Not sure if this is what you were looking for but here's a few interesting historical facts.
The Iranian poetess Táhirih was the first modern woman to undertake Qur'anic exegesis. Born and raised in a traditional Muslim family, she would later become a prominent member of the Bábí Faith, during which time she openly denounced polygyny, the wearing of the veil and other restraints put upon women. One of her most notable quotes is her final utterance prior to her execution, "You can kill me as soon as you like, but you cannot stop the emancipation of women."
Egyptian jurist Qasim Amin, the author of the 1899 pioneering book Women's Liberation (Tahrir al-Mar'a), is often described as the father of the Egyptian feminist movement. In his work, Amin criticized some of the practices prevalent in his society at the time, such as polygyny, the veil, and purdah, i.e. sex segregation in Islam. He condemned them as un-Islamic and contradictory to the true spirit of Islam. His work had an enormous influence on women's political movements throughout the Islamic and Arab world, and is read and cited today.
Despite Qasim Amin's effects on modern-day Islamic feminist movements, present-day scholar Leila Ahmed considers his works both androcentric and colonialist. Muhammad 'Abdu, an Egyptian nationalist, could easily have written the chapters of his work that show honest considerations of the negative effects of the veil on women.

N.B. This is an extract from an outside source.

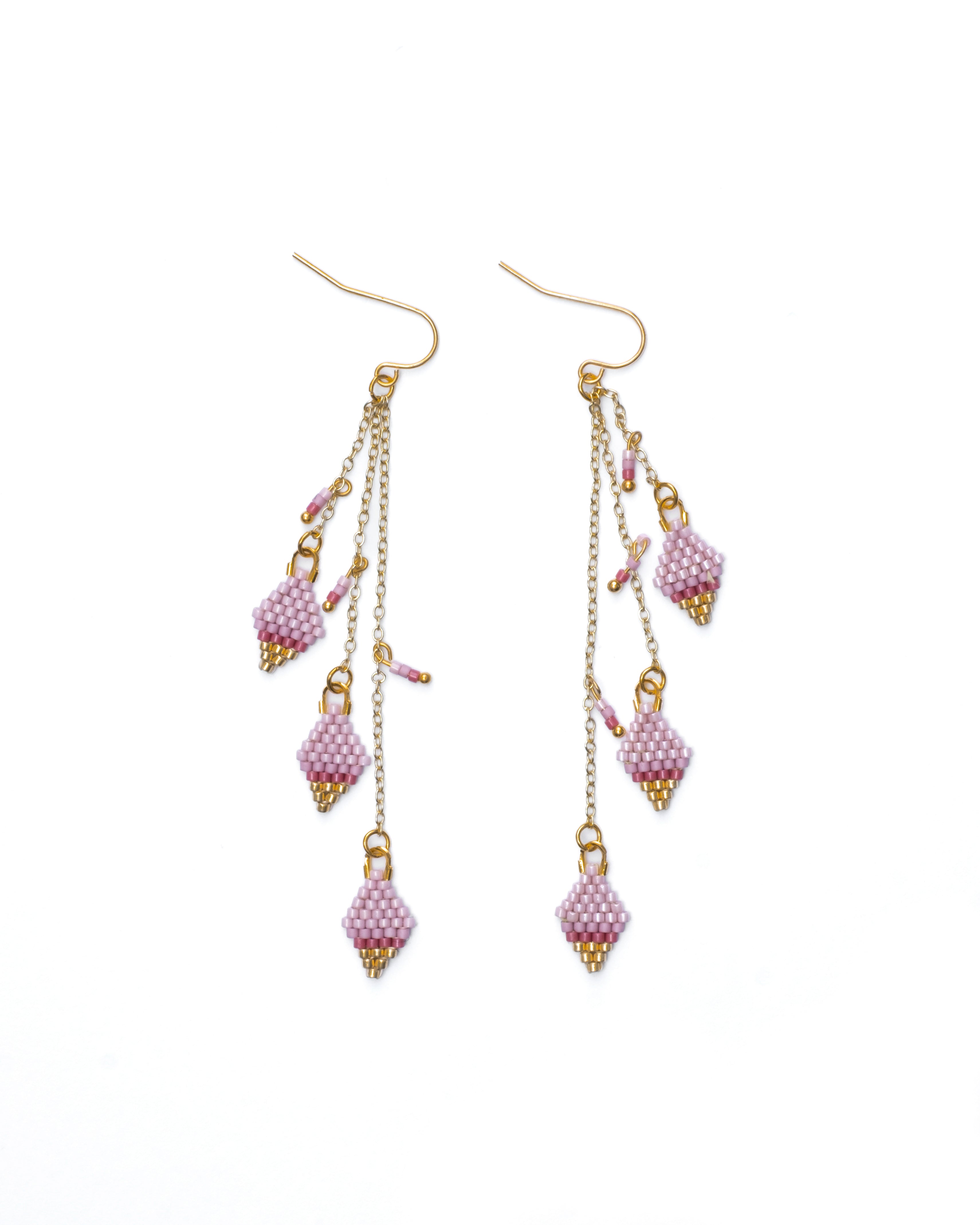 Beaded Handwoven Candy Gem and Chain Dangle Earrings - Pink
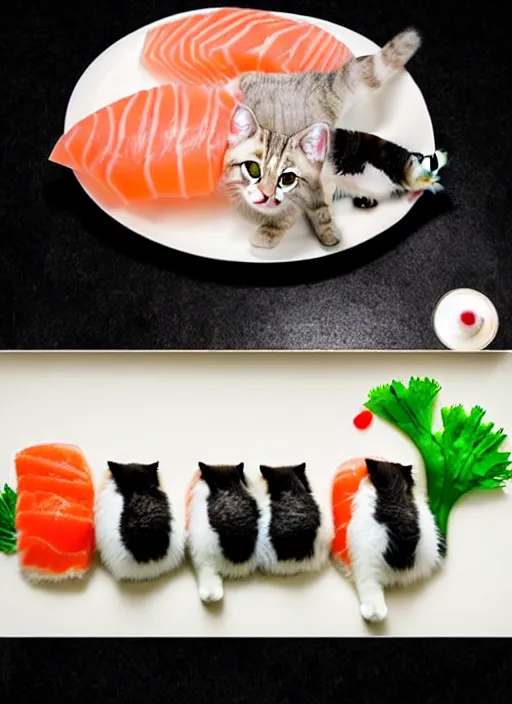 Image similar to clear photorealistic picture of adorable cats made out of sushi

Amin even posed many male-centered misconceptions about women, such as their inability to experience love, that women needlessly (when they had very good reason to) talk about their husbands outside their presence, and that Muslim marriage is based on ignorance and sensuality, of which women were the chief source.
Less known, however, are the women who preceded Amin in their feminist critique of their societies. The women's press in Egypt started voicing such concerns since its very first issues in 1892. Egyptian, Turkish, Iranian, Syrian and Lebanese women and men had been reading European feminist magazines even a decade earlier, and discussed their relevance to the Middle East in the general press.
Recently Islamic feminists have begun advocating for equality in the mosque and equality in prayer.